Data excerpts START
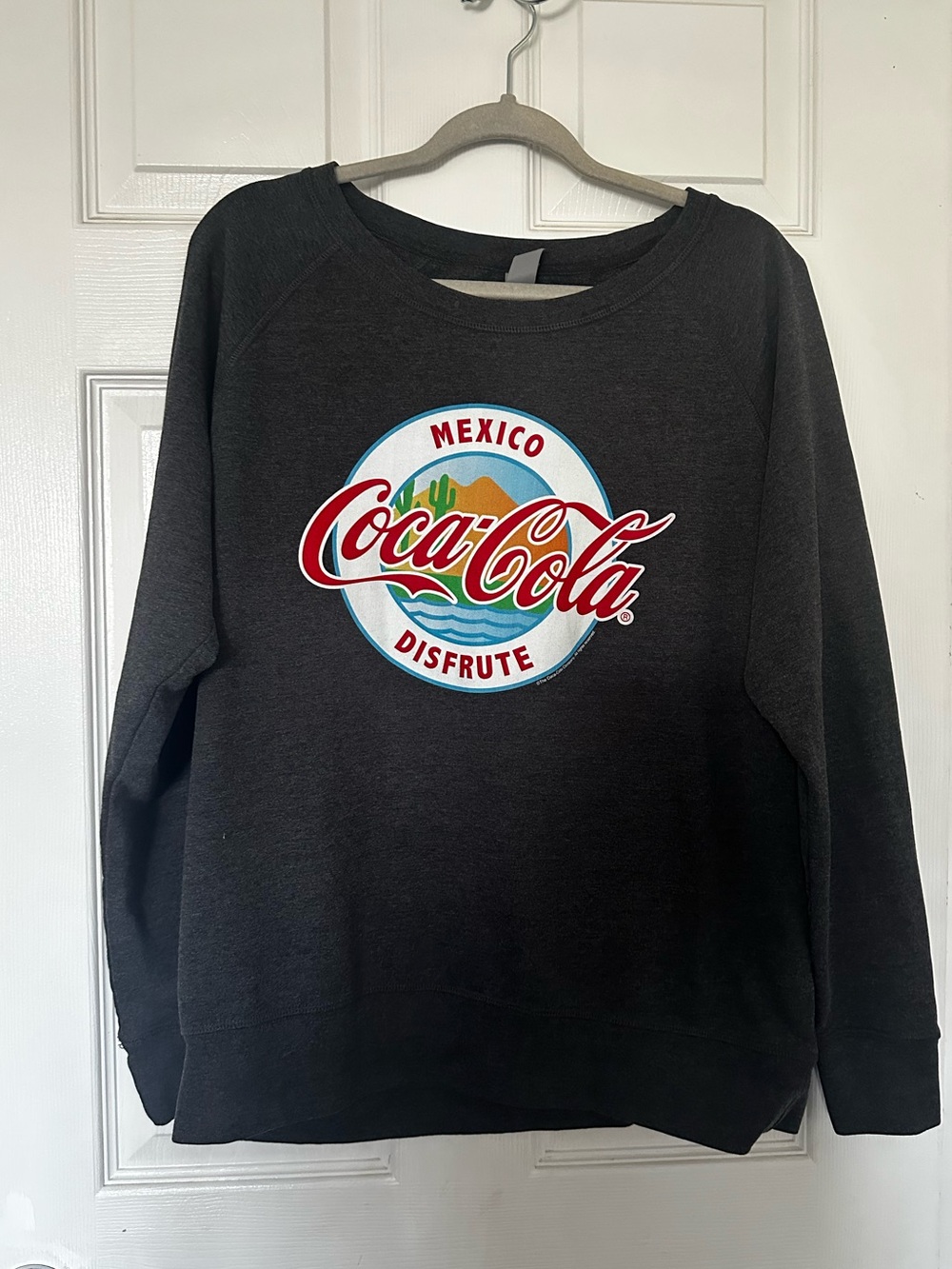 Women’s Dark Grey Crewneck Sweatshirt with Mexico Coca Cola Logo XL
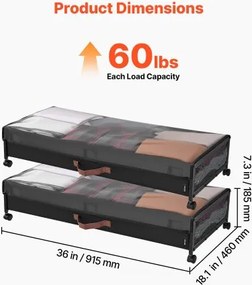 VEVOR Under Bed Storage with Wheels 36x18.1x7.3 In Rolling Storage Bags 2 Pack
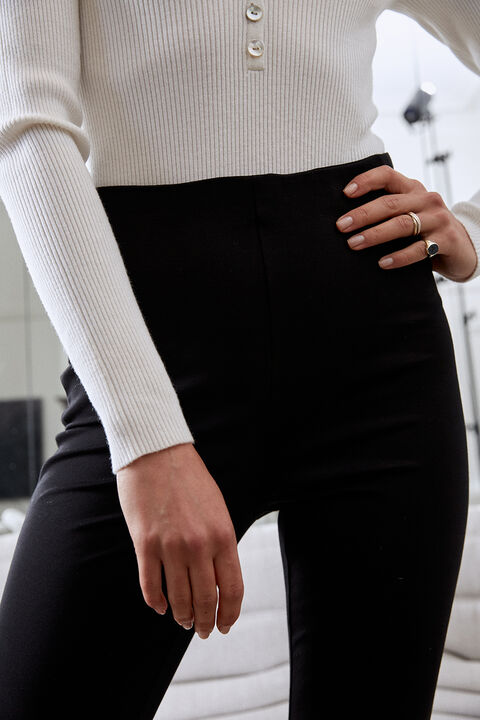 PONTI ANKLE ZIP PANT in colour CAVIAR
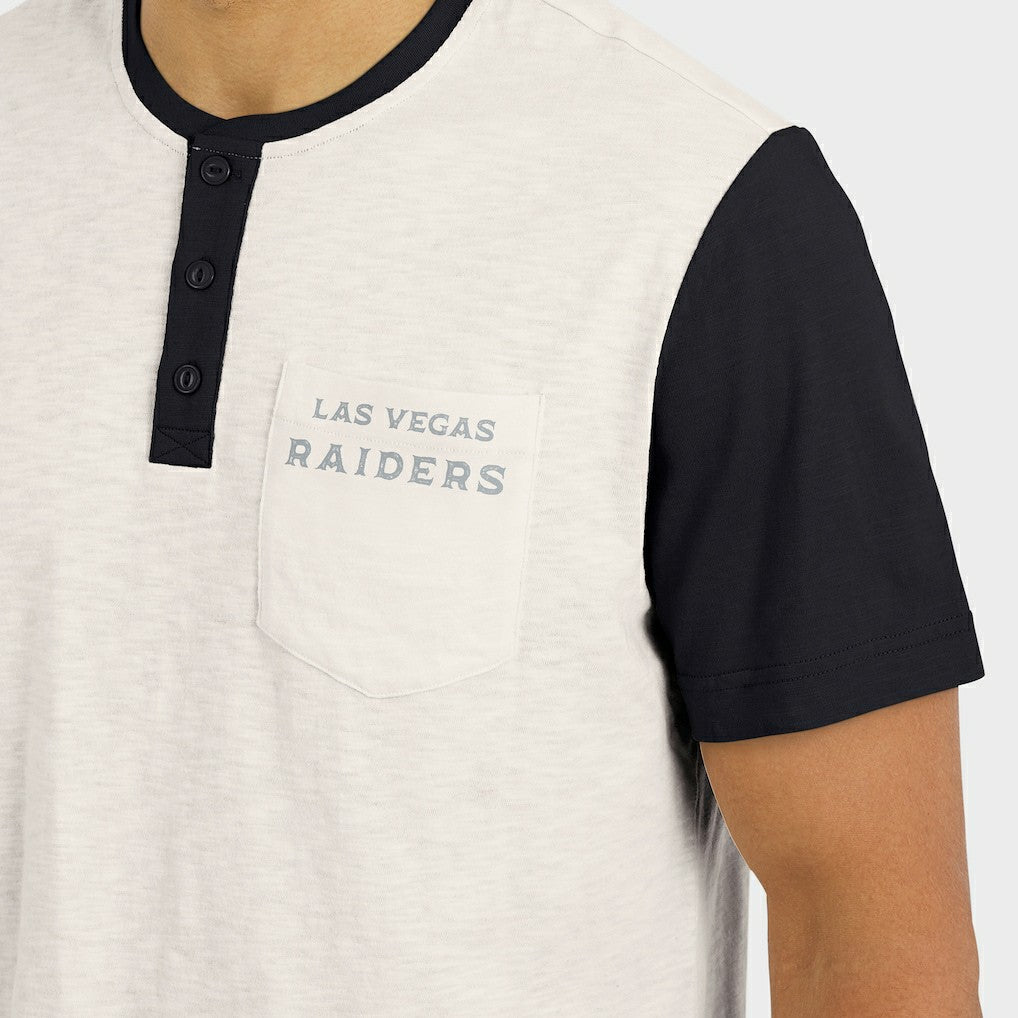 Las Vegas Raiders Darius Rucker Collection Henley Colorblock Slub Pocket T-Shirt Cream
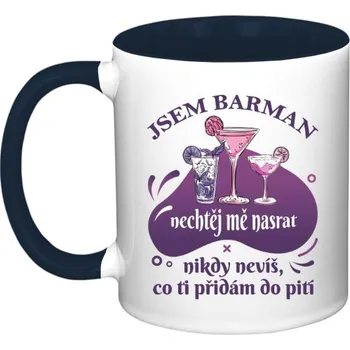 Hrnek malý barevný s potiskem Jsem barman
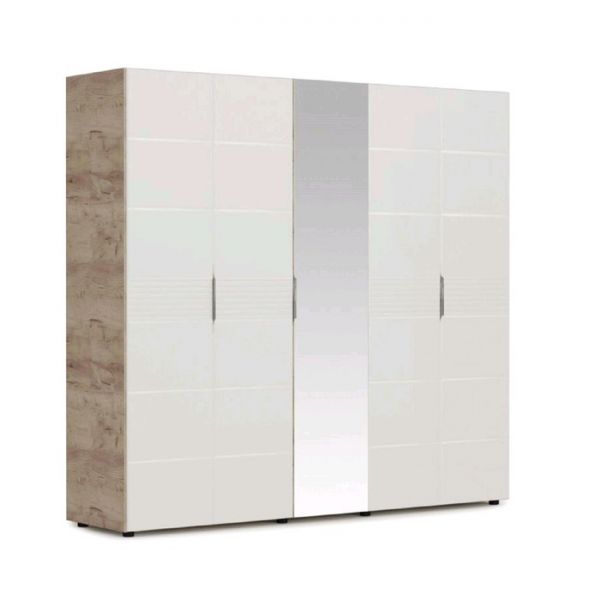 Шкаф «Джулия», 5-ти дверный с 1 зеркалом, 2232 ? 560 ? 2058 мм, крафт серый / белый глянец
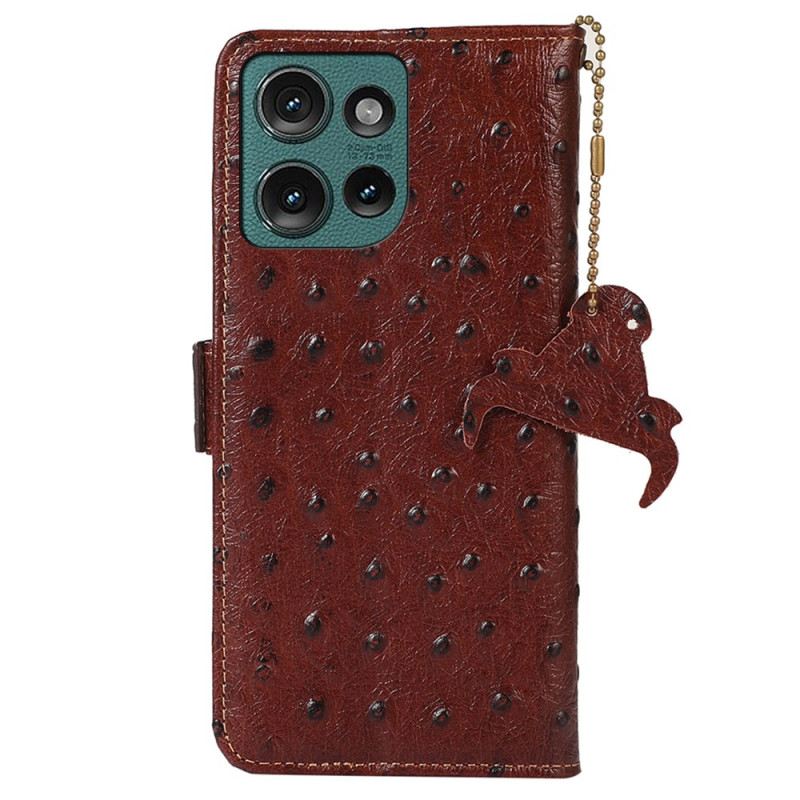 Kinyitható Bőrtok Motorola Edge 50 Rfid Blokkolás És Strucc Textúra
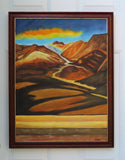 original oil painting of colorful mountains and plains with colorful clouds in sky framed in complementary wood frame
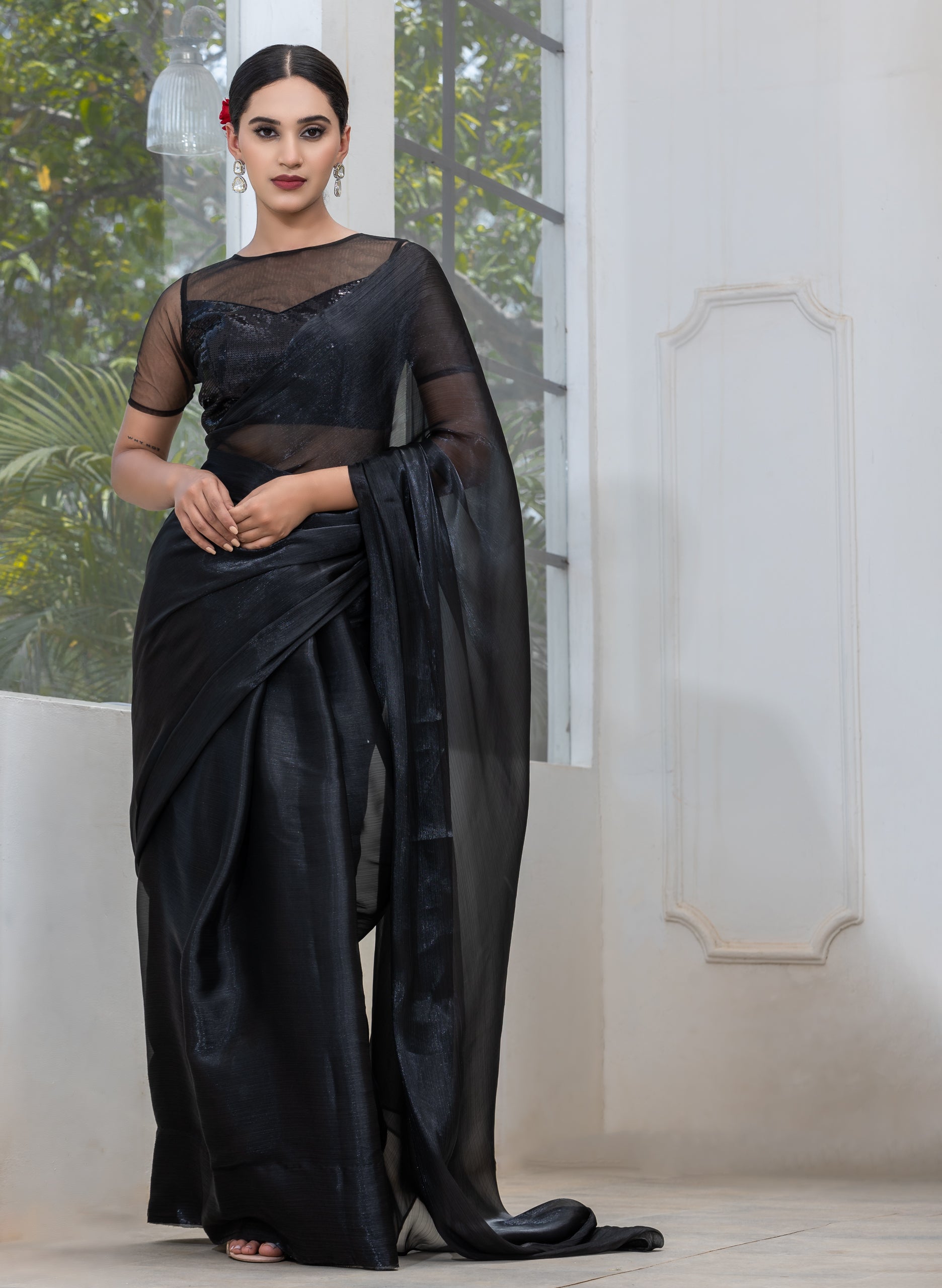 Black Friday Chiffon Organza Saree with Mirror Pendants and Blouse Fabric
Data excerpts END
Exercise brief:
The required output is the line containing "Kinyitható Bőrtok Motorola" plus every line after it to the end of the data, copied exactly and with no pictures.

Exercise output:
 Kinyitható Bőrtok Motorola Edge 50 Rfid Blokkolás És Strucc Textúra
 original oil painting of colorful mountains and plains with colorful clouds in sky framed in complementary wood frame
 Black Friday Chiffon Organza Saree with Mirror Pendants and Blouse Fabric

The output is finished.